A video clip played in the assembly showed that all of the suicide bombers, aging from 12 to 15 years, were being trained by “Qari Hussain Masood” in Kotaki area of South Waziristan. They were all Pakistanis and were registered with NADRA, the JIT report said adding that some of the bombers, shown offering prayers wearing Sindhi caps, were influenced by the “Lashkar-e-Jhangvi”.
The provincial legislators were told that five of the accused of Benazir’s murder were students of the Jamia Darul Uloom Haqqania, a seminary run by Jamiat Ulema-e-Islam-S leader Maulana Samiul Haq in Akora Khattak, a town of Khyber Pakhtunkhwa. Musharraf, Baitullah Mehsud, Maulvi Faqueer Muhammad, Maulvi Fazlullah, Rawalpindi City Police Officer Saud Aziz, SSP Khurram Shehzad Haider, Ibadur Rehman, Saeedur Rehman, Muhammad Rafaqat, Husnain Gul, Sher Zaman, Aitzaz Shah, Rasheed Ahmed alias Turabi, Nadir Khan, Abdullah Saddam, Faiz Muhammad, Saeed Bilal, Ikramullah, Nasrullah, Abdul Rehman and a mysterious “Maulvi Sahab” have either been killed or are being absconders in Benazir’s murder case.

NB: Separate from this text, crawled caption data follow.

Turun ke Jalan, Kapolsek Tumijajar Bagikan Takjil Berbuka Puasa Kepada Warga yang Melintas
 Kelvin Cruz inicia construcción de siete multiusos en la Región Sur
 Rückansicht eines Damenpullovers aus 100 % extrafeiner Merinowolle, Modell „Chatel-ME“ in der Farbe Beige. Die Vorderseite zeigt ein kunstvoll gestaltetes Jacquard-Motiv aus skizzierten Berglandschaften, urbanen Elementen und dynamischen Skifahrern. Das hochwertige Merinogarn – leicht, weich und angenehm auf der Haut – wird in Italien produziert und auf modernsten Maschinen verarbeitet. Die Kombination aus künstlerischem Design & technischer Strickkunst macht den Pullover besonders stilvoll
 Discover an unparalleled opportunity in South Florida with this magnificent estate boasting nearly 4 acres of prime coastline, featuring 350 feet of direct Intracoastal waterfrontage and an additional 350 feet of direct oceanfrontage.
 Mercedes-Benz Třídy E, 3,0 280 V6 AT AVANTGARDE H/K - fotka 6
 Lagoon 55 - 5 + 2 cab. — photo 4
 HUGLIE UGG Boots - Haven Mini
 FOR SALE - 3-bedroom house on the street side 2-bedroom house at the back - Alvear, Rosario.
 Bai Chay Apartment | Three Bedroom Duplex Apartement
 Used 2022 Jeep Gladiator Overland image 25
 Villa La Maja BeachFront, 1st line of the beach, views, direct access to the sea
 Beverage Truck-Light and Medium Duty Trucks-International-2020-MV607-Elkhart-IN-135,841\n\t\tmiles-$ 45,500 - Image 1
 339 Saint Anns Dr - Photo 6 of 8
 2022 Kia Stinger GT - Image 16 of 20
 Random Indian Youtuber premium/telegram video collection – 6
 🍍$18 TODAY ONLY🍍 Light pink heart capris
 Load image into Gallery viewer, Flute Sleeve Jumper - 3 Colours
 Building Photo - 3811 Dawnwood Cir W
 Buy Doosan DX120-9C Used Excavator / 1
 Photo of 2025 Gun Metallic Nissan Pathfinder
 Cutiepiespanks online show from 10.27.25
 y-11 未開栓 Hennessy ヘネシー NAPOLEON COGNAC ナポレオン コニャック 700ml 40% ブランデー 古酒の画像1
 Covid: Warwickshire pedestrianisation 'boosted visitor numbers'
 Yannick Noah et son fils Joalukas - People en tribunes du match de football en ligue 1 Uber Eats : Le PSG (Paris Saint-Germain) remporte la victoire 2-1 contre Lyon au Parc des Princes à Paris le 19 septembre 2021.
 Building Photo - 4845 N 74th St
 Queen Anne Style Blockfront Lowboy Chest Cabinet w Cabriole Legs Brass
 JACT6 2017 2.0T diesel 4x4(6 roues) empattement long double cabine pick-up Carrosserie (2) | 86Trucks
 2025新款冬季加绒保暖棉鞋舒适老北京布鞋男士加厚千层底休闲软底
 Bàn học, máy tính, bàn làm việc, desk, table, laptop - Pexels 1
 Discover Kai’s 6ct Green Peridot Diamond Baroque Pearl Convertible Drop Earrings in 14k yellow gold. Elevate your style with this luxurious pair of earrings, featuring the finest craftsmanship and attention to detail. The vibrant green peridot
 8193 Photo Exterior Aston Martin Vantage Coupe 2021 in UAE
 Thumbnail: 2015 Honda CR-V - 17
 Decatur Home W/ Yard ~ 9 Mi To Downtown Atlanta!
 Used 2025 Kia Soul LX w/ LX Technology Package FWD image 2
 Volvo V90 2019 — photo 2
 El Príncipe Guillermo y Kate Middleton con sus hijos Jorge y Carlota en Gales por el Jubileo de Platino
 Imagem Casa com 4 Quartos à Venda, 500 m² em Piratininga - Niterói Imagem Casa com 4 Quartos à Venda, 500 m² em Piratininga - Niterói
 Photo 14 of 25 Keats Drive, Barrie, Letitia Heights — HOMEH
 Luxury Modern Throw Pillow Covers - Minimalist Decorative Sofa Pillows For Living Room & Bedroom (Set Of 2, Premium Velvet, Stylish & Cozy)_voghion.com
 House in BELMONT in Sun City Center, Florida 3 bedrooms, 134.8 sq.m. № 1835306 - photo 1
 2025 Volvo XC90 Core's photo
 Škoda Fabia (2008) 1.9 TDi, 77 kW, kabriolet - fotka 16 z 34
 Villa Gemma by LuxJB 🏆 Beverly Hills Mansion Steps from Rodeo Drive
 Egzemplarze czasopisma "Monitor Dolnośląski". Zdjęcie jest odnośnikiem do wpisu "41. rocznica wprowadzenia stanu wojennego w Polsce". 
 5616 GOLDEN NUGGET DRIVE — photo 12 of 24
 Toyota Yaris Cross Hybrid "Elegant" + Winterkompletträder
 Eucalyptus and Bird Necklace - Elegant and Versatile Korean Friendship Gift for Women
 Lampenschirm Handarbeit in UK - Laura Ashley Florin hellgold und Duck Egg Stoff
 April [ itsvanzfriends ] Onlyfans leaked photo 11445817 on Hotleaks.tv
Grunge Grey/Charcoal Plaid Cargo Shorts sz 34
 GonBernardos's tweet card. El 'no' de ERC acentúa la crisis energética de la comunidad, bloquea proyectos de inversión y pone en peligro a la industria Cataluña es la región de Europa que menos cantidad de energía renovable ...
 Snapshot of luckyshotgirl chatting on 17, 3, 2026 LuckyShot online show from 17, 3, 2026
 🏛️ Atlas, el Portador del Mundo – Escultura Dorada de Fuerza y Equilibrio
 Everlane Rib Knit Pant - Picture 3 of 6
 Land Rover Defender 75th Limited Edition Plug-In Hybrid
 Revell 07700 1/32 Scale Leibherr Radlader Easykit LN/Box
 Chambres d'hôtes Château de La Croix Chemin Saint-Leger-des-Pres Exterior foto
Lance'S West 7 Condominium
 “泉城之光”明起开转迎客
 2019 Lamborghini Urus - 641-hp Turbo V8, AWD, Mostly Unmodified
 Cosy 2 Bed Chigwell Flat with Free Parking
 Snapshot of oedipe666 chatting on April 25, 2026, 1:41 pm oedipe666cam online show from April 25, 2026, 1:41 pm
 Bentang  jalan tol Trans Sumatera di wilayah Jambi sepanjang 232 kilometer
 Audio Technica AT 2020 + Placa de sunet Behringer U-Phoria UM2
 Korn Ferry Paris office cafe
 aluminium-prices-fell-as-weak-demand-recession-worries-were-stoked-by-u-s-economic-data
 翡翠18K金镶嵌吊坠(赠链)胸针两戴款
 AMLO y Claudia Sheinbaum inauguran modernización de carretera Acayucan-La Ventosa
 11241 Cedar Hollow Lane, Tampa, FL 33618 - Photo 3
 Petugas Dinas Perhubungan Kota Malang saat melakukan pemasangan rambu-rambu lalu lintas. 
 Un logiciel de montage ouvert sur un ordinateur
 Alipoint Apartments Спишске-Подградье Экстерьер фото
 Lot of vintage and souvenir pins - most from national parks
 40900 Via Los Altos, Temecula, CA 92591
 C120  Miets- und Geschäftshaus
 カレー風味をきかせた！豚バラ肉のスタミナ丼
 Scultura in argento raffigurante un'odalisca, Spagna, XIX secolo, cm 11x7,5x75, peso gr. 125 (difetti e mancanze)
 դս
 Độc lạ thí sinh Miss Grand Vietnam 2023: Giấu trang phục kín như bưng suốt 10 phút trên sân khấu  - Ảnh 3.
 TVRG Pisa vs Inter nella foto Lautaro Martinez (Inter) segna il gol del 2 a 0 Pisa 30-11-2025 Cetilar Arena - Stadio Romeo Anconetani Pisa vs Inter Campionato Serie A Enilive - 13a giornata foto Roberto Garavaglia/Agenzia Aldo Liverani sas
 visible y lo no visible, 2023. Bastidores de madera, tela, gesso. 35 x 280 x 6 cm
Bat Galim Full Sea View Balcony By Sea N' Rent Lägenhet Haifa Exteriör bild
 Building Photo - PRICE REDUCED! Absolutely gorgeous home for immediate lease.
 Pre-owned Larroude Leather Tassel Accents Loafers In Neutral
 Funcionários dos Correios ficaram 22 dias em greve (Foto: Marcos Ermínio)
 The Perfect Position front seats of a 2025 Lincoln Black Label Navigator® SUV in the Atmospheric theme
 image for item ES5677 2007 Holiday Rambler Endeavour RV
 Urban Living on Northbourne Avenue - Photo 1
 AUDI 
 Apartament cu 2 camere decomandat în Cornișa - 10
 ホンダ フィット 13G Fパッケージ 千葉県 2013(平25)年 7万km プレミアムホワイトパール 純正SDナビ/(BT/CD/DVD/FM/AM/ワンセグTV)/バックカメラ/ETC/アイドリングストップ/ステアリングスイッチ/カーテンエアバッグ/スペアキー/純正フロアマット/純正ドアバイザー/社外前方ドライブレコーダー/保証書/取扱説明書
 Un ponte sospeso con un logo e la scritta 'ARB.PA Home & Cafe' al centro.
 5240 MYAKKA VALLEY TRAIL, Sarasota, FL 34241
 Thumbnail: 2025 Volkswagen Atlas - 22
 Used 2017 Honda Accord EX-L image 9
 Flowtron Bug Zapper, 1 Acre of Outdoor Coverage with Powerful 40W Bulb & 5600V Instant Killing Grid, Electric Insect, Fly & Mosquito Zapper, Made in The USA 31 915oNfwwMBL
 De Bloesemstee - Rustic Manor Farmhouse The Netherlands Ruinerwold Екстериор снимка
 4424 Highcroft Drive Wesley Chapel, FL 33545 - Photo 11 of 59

Of the above accused, Rafaqat, Husnain, Zaman, Aitzaz and Rasheed Ahmed are presently confined in the Central Prison of Adiyala and facing a trial in an anti-terrorism court. The two police officers, Aziz and Khurram, are on bail, while former army chief Musharraf was declared a “proclaimed offender” by the trial court.
“Five of the accused were students of Jamia Haqqania. I don’t say Maulana Samiul Haque is involved, but I would request all religious leaders running seminaries to ensure such incidents don’t recur,” Interior Minister Rehman Malik said during, as Law Minister Ayaz Soomro called it, a “special meeting” of the Sindh Assembly on Tuesday.
With Sindh’s lawmakers demanding an investigation and arrest of all military and police officers suspected or involved in the murder of Benazir, the interior minister said Musharraf and militants led by Baitullah Mehsud eliminated the PPP leader from the political scene considering her a threat.
“Musharraf, in the presence of Mark Siegel, had threatened Benazir that if you come to Pakistan before elections you would be responsible for the consequences,” the interior minister said. “I would not be responsible for your security,” Malik quoted then president Musharraf as warning Benazir.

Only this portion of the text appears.